A common extension to these vanilla models is to add an attention module that computes an affinity referred to as an attention score between the question and each region in the image. The resulting attention vector dictates which regions of the image the model should focus on, in order to answer the given question. This affinity computation is usually done using element-wise operations between the two modalities. Learn more about attention modules for VQA in a previous post.
The key element in both the above cases is the nature of interaction between a question embedding and an image embedding. Modeling these interactions as element-wise operations works well but only models a subset of the interactions that are possible between two vectors. A far more powerful interaction is the outer product of the two vectors. In this post, I will discuss the outer product interaction applied to VQA, the practical difficulties in modeling this and the approximations used instead.
The outer product
Given an image embedding v_I ∈ ℝ^(dx1) and a question embedding v_Q ∈ ℝ^(dx1), a simple way to combine them is using a Hadamard product, i.e. an element-wise multiplication. This allow elements in the same position within each embedding to interact in a multiplicative fashion, resulting in the aggregated vector z ∈ ℝ^(dx1).
z =v_I ⊙ v_Q
Another method is to learn this affinity via a parametric neural network. This network typically projects the embeddings into a lower dimensional space and then combines them using an element-wise multiplication operation.
𝕫 = ( W_I × v_I+b_I ) ⊙ ( W_Q × v_Q + b_Q )
z = W_z × 𝕫 + b_z
where W_I ∈ ℝ^(k x d) and W_Q ∈ ℝ^(k x d) project the embeddings into a k dimensional space before the element-wise multiplicative interaction and then W_z ∈ ℝ^(k x θ) is used to project the resulting vector into the desired dimension.
The above methods of interaction only allow elements in the same position within the two input embeddings to interact in a multiplicative fashion. A far more powerful mechanism results when each element in the first embedding interacts multiplicatively with every element in the second embedding. The outer product of the two embeddings, represented as ⊗ does precisely this; and results in a matrix P ∈ ℝ^(d x d).
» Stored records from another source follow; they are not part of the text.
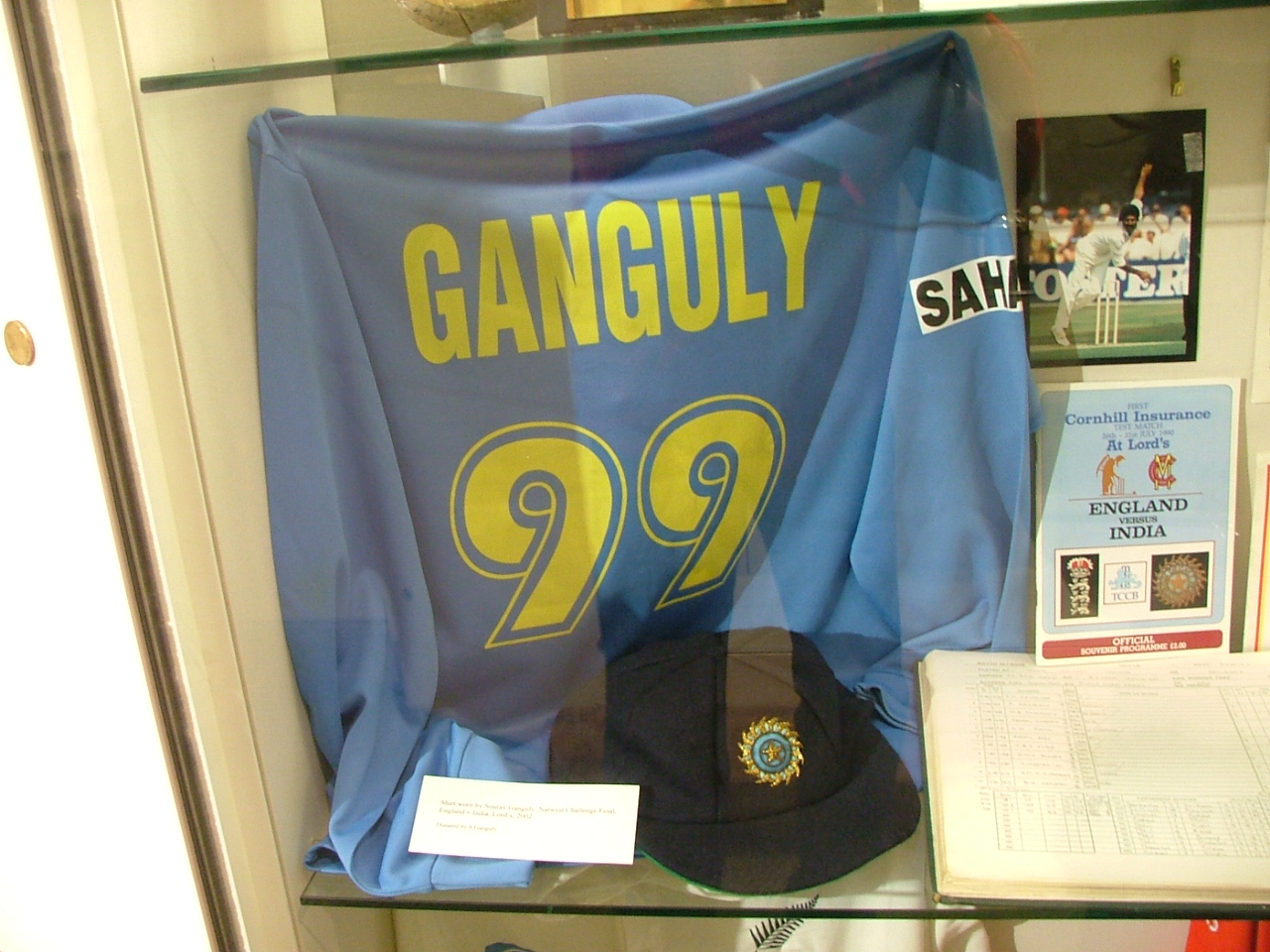 A blue coloured T-shirt displayed at a store window. The T-shirt has the words "Ganguly" and the number 99 below it, both in yellow colour. Beside the T-shirt, a picture and an open book is visible.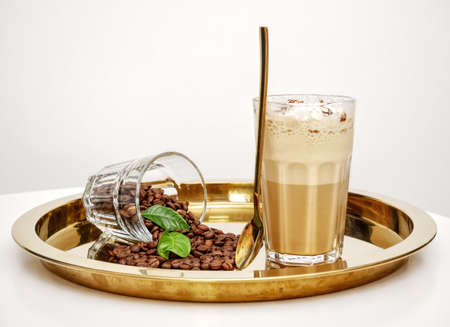 Caramel latte coffee in a tall glass.の写真素材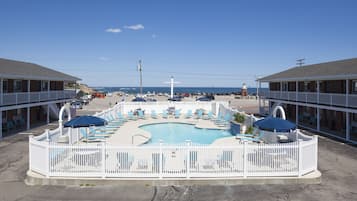 Una piscina al aire libre de temporada, sombrillas
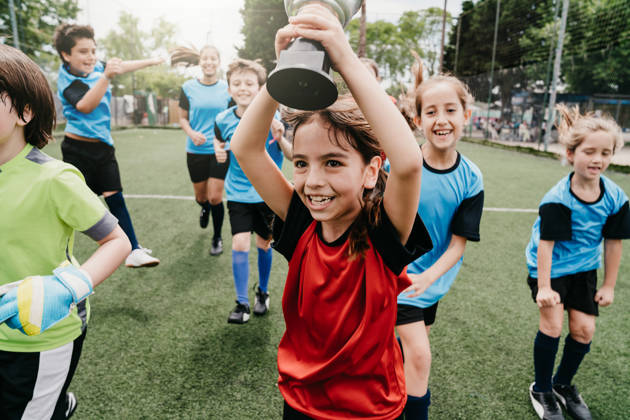 Groepje kinderen viert overwinning met beker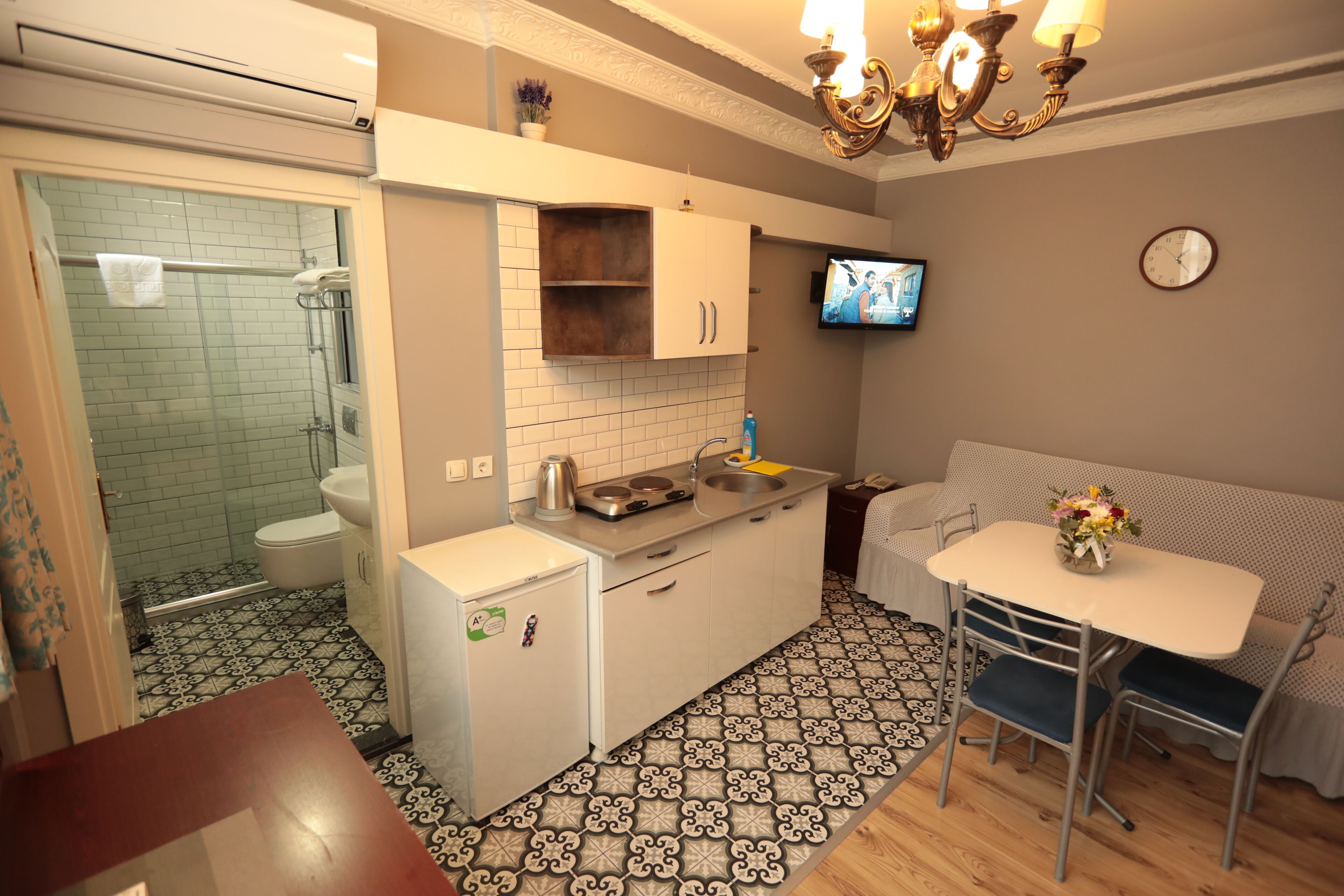 Cocina compacta con lavamanos, estufa y un refrigerador pequeño. Hay una zona de comedor con mesa y sillas, y un televisor montado en la pared.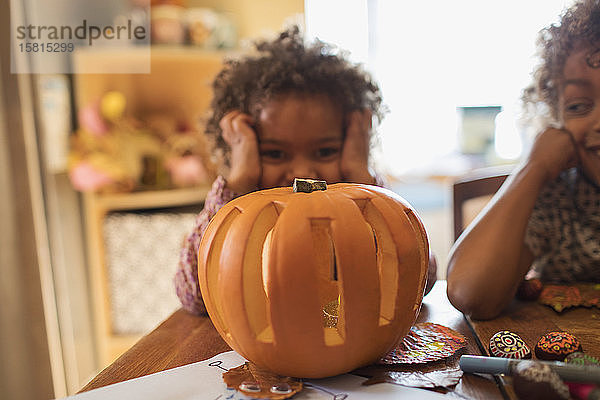 Porträt süßes Mädchen schnitzen Halloween-Kürbis am Tisch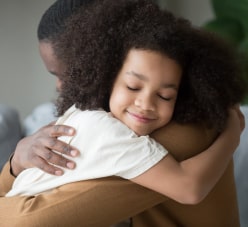 Child Hugging His Father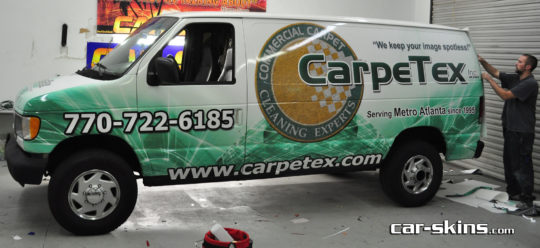 CarpeTex coporate van wrap with letter, custom graphics, and Side/hood logos.
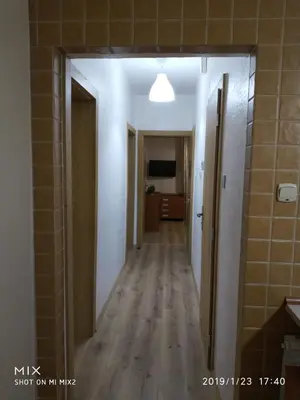 a hallway with a hallway leading to a room at Apartament Sofia Agroturystyka in Ryczów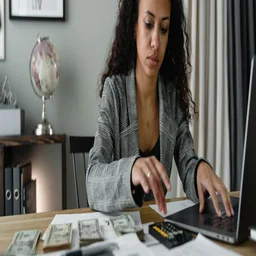 A woman does accounting with software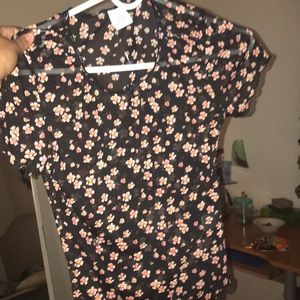 A see through flower shirt from pacsun.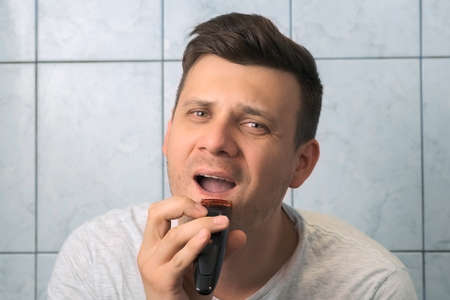 Handsome young man is shaving beard and moustache using electric razor, front view. He is looking at...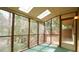 Enclosed patio space with skylights featuring views of the green backyard and a wooden deck at 2765 Rue Sans Famille, Raleigh, NC 27607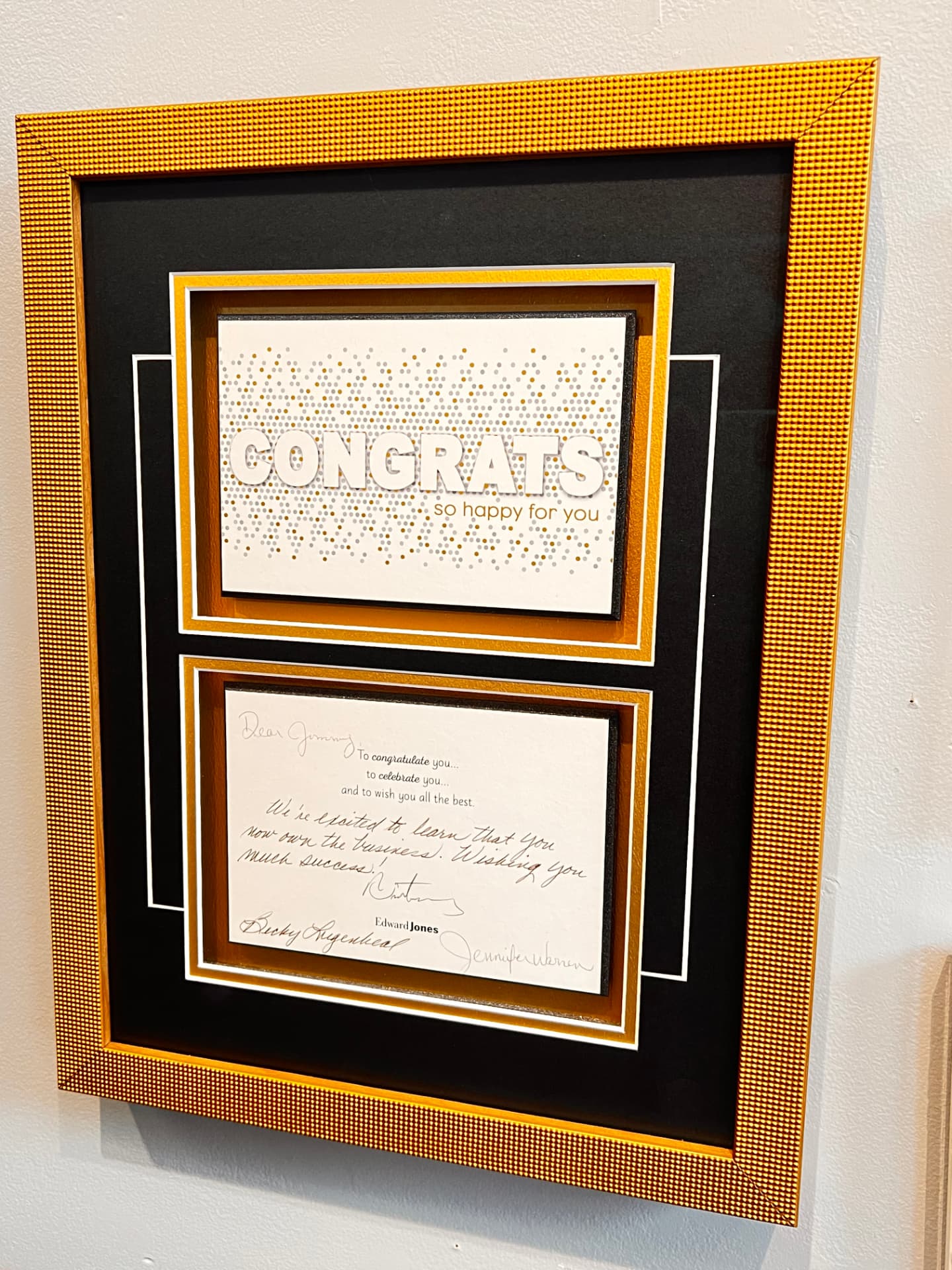 Two keepsake cards custom framed with black and gold layered mats inside a textured gold frame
P = v_I ⊗ v_Q = v_I × v^T_Q
Note: In the above equation, ^T refers to the matrix transpose and × refers to the regular matrix multiplication.
A common mechanism to incorporate the outer product into an interaction between the two embeddings is via the mechanism of bilinear pooling. This is essentially an outer product
P = v_I ⊗ v_Q
followed by a reshaping of the matrix P into ℙ ∈ ℝ^(d² x 1)
ℙ = reshape(P)
followed by a linear projection of the result to obtain the output of the interaction z ∈ ℝ^(θ x 1)
z = W_P × ℙ
Bilinear pooling using the outer product is an incredibly powerful way to model the interaction between two input vectors but it requires learning the large parameter matrix W_P. For instance, if the dimensionality d of the input embeddings is 1024 and the dimensionality θ of the output embedding is 2000, W_P has 1024 * 1024 * 2000 = 2 billion parameters! Representing this matrix would require a large amount of memory and learning these parameters would require a lot of training data and would be very slow. This is clearly infeasible and impractical.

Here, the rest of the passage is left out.